Every time we bring forward motions to address these issues, the government votes them down. Once in a while we would think a breath of fresh air would blow through this cavernous chamber.
The member for Wild Rose brought forward a motion to do away with child pornography and all the frivolous defences that people put forward on the child pornography file. The Liberals could see a vote getter when it is laid in front of them so they voted in favour of the motion by the member for Wild Rose. What happened in the following days is that they could not actually do that. They brought in other legislation that continues the frivolous defences that will keep child pornography on the streets, on the Internet and available to Canadians. It is a shame. They do it time and again.
My party brought forward a motion that we should transfer gas tax revenues to the municipalities. It has been our policy for 10 years. We actually used the wording from a speech that the Prime Minister gave to the Union of British Columbia Municipalities. We took the exact words of his speech, brought them into the House and said we would take him at his word. We brought forward the motion and we voted on it. It passed nearly unanimously. It passed with an overwhelming majority.

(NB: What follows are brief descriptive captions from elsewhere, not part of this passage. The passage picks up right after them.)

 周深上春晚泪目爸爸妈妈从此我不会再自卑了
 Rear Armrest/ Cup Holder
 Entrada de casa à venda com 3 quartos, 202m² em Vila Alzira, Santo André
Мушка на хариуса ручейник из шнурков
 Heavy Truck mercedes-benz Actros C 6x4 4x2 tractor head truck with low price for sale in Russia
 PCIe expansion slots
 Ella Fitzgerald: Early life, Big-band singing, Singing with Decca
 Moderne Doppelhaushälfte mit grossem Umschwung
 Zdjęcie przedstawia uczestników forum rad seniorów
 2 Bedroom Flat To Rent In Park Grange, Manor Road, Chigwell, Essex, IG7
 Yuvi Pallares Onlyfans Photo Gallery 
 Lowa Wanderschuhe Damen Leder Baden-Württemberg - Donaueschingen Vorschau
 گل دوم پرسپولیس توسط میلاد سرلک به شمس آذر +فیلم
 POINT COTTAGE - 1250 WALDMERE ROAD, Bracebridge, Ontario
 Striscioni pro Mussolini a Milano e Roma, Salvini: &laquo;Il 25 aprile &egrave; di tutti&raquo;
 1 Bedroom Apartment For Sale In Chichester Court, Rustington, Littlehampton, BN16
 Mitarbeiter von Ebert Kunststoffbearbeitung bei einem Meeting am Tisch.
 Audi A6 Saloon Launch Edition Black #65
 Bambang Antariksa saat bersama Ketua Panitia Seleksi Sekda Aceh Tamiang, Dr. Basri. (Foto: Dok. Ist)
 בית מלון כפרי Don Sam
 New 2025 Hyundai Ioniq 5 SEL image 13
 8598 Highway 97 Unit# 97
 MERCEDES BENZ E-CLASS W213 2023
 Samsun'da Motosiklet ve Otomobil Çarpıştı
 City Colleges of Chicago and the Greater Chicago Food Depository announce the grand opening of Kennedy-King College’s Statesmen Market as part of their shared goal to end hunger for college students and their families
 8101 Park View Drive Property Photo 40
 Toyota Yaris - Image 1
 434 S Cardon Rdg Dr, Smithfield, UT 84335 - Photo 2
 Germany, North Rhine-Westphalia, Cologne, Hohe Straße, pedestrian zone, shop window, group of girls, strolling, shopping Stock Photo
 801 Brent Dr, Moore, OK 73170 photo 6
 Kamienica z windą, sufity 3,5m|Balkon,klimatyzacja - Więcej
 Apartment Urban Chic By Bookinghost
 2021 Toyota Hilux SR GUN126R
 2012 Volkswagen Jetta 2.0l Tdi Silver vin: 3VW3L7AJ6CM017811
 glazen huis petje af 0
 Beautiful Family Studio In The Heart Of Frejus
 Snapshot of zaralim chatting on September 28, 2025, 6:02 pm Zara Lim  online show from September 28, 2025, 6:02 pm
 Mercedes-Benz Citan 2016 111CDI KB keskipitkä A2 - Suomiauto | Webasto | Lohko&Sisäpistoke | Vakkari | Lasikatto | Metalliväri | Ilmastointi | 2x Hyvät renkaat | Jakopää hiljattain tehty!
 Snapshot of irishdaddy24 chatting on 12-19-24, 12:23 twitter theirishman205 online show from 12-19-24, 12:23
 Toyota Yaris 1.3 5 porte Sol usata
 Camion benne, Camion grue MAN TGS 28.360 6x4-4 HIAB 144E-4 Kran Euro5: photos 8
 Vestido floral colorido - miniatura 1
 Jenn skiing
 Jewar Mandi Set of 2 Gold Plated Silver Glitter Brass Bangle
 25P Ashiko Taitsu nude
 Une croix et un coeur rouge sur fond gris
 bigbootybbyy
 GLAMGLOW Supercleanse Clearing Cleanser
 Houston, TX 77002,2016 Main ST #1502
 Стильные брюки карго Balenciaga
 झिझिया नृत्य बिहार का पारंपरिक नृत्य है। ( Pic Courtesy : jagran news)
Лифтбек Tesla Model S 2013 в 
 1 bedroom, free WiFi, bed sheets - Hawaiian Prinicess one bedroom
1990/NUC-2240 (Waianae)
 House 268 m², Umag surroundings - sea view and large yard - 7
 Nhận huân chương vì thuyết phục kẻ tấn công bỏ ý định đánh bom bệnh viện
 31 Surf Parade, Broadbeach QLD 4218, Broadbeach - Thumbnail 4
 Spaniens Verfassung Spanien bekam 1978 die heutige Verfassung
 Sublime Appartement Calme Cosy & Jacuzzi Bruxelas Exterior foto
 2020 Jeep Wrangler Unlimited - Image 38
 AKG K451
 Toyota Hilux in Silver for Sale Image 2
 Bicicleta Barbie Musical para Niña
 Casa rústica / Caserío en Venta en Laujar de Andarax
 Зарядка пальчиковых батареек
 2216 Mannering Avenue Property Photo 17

The next day my party asked in the House, now that the House had passed judgment on the motion, surely the government would move ahead. The response that came from the government was “Well, we are considering this now and we will talk about it”. Actually, the government has no intention. It was not mentioned in the throne speech. It will not be in the budget tomorrow. I make a prediction here today that the gas tax revenue will not be handed over to the municipalities as the House has decreed and as the Prime Minister has promised.
Is it any wonder that we have a motion today saying that we have lost confidence in the government. How often do we have to go to the well and put forward substantive motion after substantive motion on agriculture, on softwood lumber, on foreign policy, on more funding for our military, on a proper environmental policy, on changes to the democratic system? Over and over again we have put forward detailed policy initiatives. We have been accused of being too policy oriented. Apparently we have too many policy wonks over here. It is a scary thing over there that people actually have policy.
We have put forward the policy. The distressful thing for Canadians is that even when it passes in the House they say “Sure it has been brought forward and sure it passed, but with the government, it does not seem to make any difference”.
That is why I have lost confidence in the government. It does not seem to understand that Parliament should be paramount, that Parliament should reign supreme. What is passed in this place, what is agreed to in this place, the government should take as its marching orders. Not all good ideas come from this side of the House, and certainly not all of them come from that side.
A culture of corruption has infested the government and has stalled it in its work. It cannot come forward with decent and new legislation of any sort that seems worthwhile. Therefore, quite properly, members of the House tonight when voting on this supply day motion should vote in favour of a vote against the government, vote non-confidence in the government. Let us get that passed because that is the truth. That is what Canadians are after.